NZ-China FTA: Questions And Answers For Media
Questions and answers for media
1 Why does New Zealand want an FTA with China?
Securing preferential access to China's economy has the potential to deliver significant gains to our exporters. It is the fastest growing major economy, currently growing at around 9.1% per annum. China is our fourth largest trading partner taking $1.38 billion of goods and over $1 billion of services. Our agriculture sector in particular will benefit from an FTA with China. China's middle class is now estimated to be more than 100 million people and growing - which will fuel the demand for New Zealand dairy and agricultural products. There should also be gains to manufacturing sectors and the services sector.
2 What are the potential gains to New Zealand?
Initial and very simple modelling work done by the Ministry of Foreign Affairs and Trade suggests than an FTA between China and New Zealand would have a positive impact on the New Zealand economy. Further gains are likely also for services exports, investment and potential improvements in trade facilitation. These elements have not yet been modelled. A more sophisticated and rigorous modelling analysis will be carried out during a joint study.
3 What sort of trade barriers does New Zealand face in China at present?
The greatest gains for New Zealand merchandise exports are likely in agriculture, specifically the dairy, fruit and vegetable and processed food sectors. Examples where we currently face significant tariffs are:
- Milk powder. Even when China has fully implemented its WTO commitments, the tariff could be up to 10 percent.

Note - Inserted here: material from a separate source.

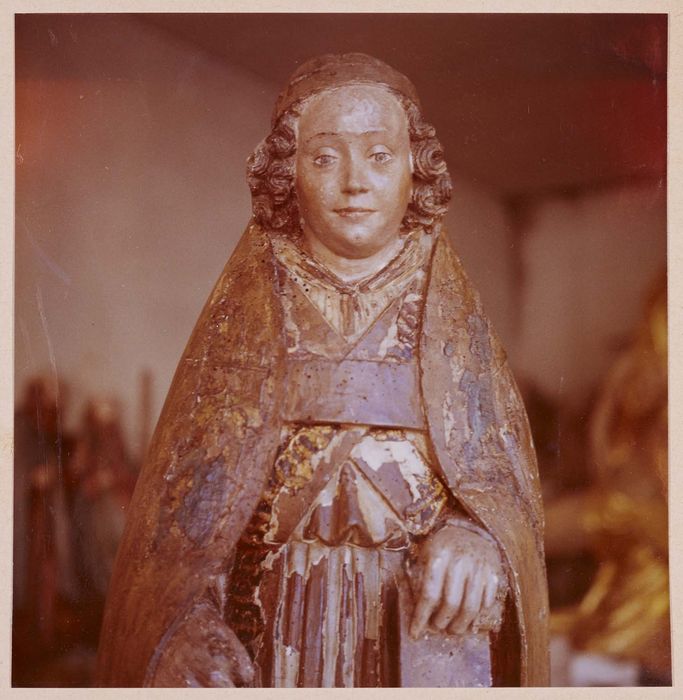 statue (petite nature) : Ange de l'Annonciation, vue partielle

- Wool. Out-of-quota exports face duties of 38 percent.
- Meat. Tariffs may reach 15 percent.
. Forestry.ƒnWhile China has low tariffs on 'rough' wood, with the bound rate resting at 1 per cent, intermediate wood products (for example veneer, fibreboard and plywood) incur higher tariff charges.
- Kiwifruit exports may incur tariffs of up to 20 percent.
Removal of these and other tariffs makes up a large proportion of the potential gains to New Zealand in the agriculture sector. Regulatory and other non-tariff measures also exist in many sectors and by addressing these through an FTA, it is likely that the transaction costs of doing business in China would be reduced. This would make New Zealand goods and services more competitive.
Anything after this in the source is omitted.